I’d rather be a sparrow than a snail

Yes I would

If I could

I surely would

In the first verse of the song, they contrast a sparrow and a snail. A sparrow is free to spend its time on both group and in the sky, having no limit on where they can travel. Additionally, a sparrow is a swiftly moving predator that does not have worry about being hunted. Meanwhile, a snail is bound to living on the ground and is an animal of prey, constantly fearing for its life. It is important to note that sparrows eat snails, which adds to the argument that the speaker wants power and to be able to control their own life. This comparison emphasizes the speaker’s wish to live without fear and be able to take risks.

Away, I’d rather sail away

Like a swan that’s here and gone

A man gets tied up to the ground

He gives the world

The saddest sound

The saddest sound

Again, the song emphasizes the speaker’s wish to not be held back from freedom. The simile in the line “Away, I’d rather sail/ Like a swan that’s here and gone” articulates that the speaker wants to be free to go on their own adventures and like a swan, not be bound to one place. A swan is the image of total freedom; they can be in one place or moment and experience it and then move on to the next with no restrictions. The next lines focus on the reality of world. There is a much higher probability that a person will be stuck in one place and sucked into the painful monotony of life. As nice as it is to think about achieving true freedom, it is very unlikely.

I’d rather be a forest than a street

I’d rather feel the earth beneath my feet

The imagery of nature in both of these lines highlights the speaker’s wish to retreat from the society humans have constructed. The speak would rather be a forest, something that grows and expresses itself freely, than a street, which is trampled on daily by people. Additionally, in order for streets to be created, they had to destroy some forest and change nature. This point in strengthened by the speaker’s wish to feel earth on their feet. This line shows how the speaker wants to reconnect with a more simple time or place where there people had less responsibilities and were free to truly have full control over their lives.

Lastly, the repetition of the line “If I could” throughout this song adds a bit of reality to the tone. This whole song has a very wishful and dreamy tone to it. However, the repetition of this line makes the audience realize that all of the “I’d rather’s” are just hopes and not true. It is this break into reality that brings the audience a sense of sadness as they realize that the speaker is just reflecting on their life and the lack of freedom and control that they actually have.

Although this song does not contain many lyrics, I think that each line contains endless possibilities of interpretations. In fact, I think this speaks to how well this song conveys a deeper meaning with what may be seen as simple lyrics.

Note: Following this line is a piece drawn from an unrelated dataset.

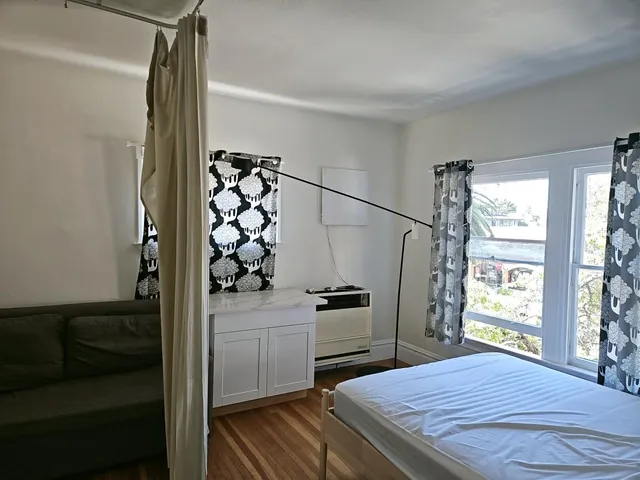 a bathroom with a tub a sink and a shower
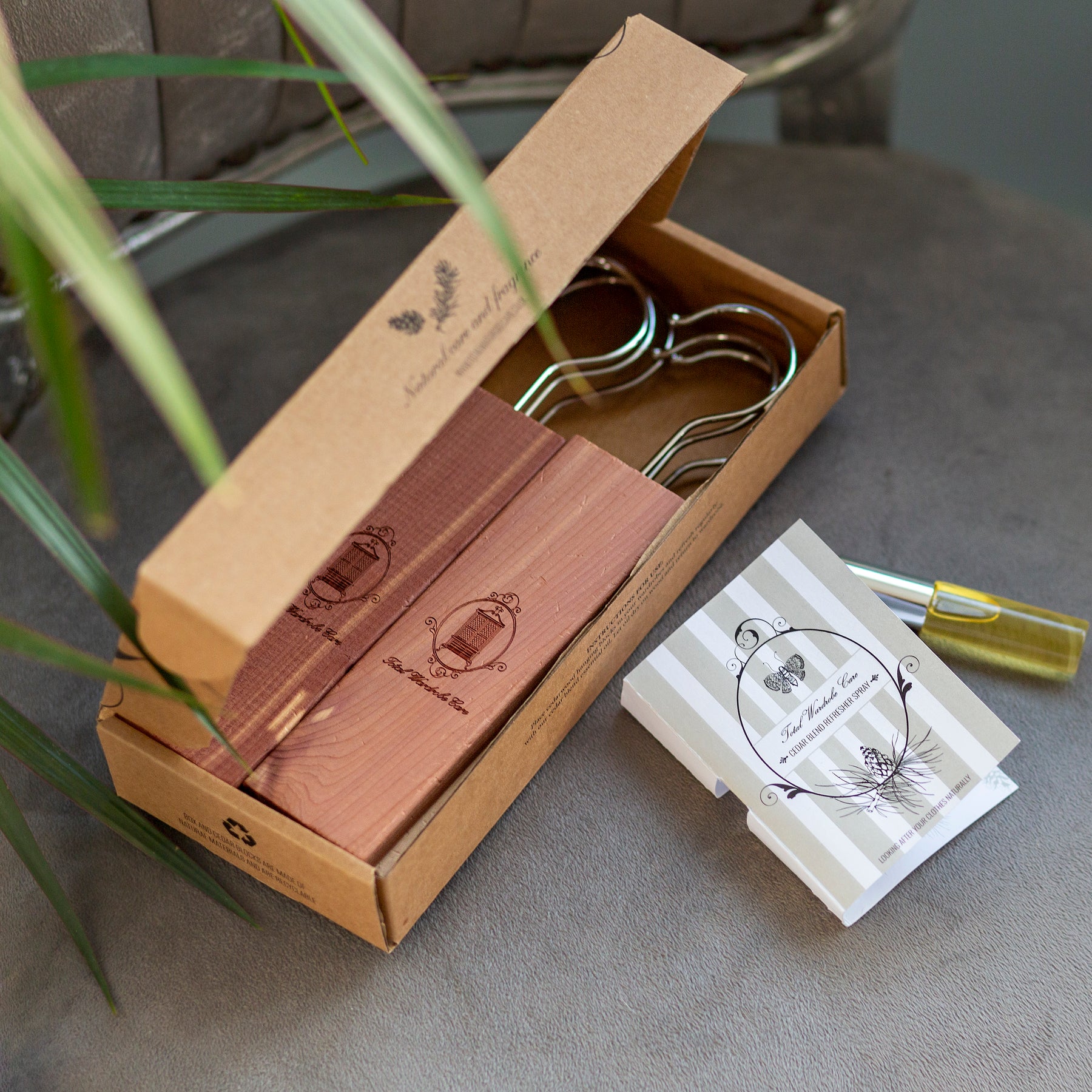 Open cardboard packaging for cedarwood hanging blocks on dark table with essential oil refresher spray to side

3 thoughts on “Freedom Flies By

  1. Tim M

    I agree with your interpretation of your song; this seems to be an almost regretful lamentation of the possibilities that the narrator has lost (or perhaps never had to begin with). The parallels between freedom and nature are particularly interesting — the narrator seems to desire both freedom and nature, possibly implying that they are intrinsically connected. While I certainly see the value in both freedom and nature, I would argue that they are not actually intrinsically connected, and one can happen without the other. For instance, streets are innately un-natural (as you explained in your analysis), but streets also allow for much more freedom and greater ease of access to many things for people.

    Separately from this, I wonder what this song said in its original form, before it was translated to English; I didn’t see any mention of the condor, but I can imagine the symbolism must be really fascinating, particularly considering historical context as Wikipedia says that the condor is the national symbol of many South American states and represents the sun god and is considered a “symbol of power and health.”



    I love Simon and Garfunkel because of how meaningful their music is lyrically and musically. I haven’t listened to this song as much as the others, but I love your interpretation. I never thought about the lyrics this deeply when I was listening as a kid, and this reminded me that their music is so much more powerful than just the surface-level meaning.


  3. Maryanne Nawojchik

    The line, “A man gets tied up to the ground and gives the earth the saddest sound” is most clearly about getting addicted to material things, and not seeing the real meaning in life.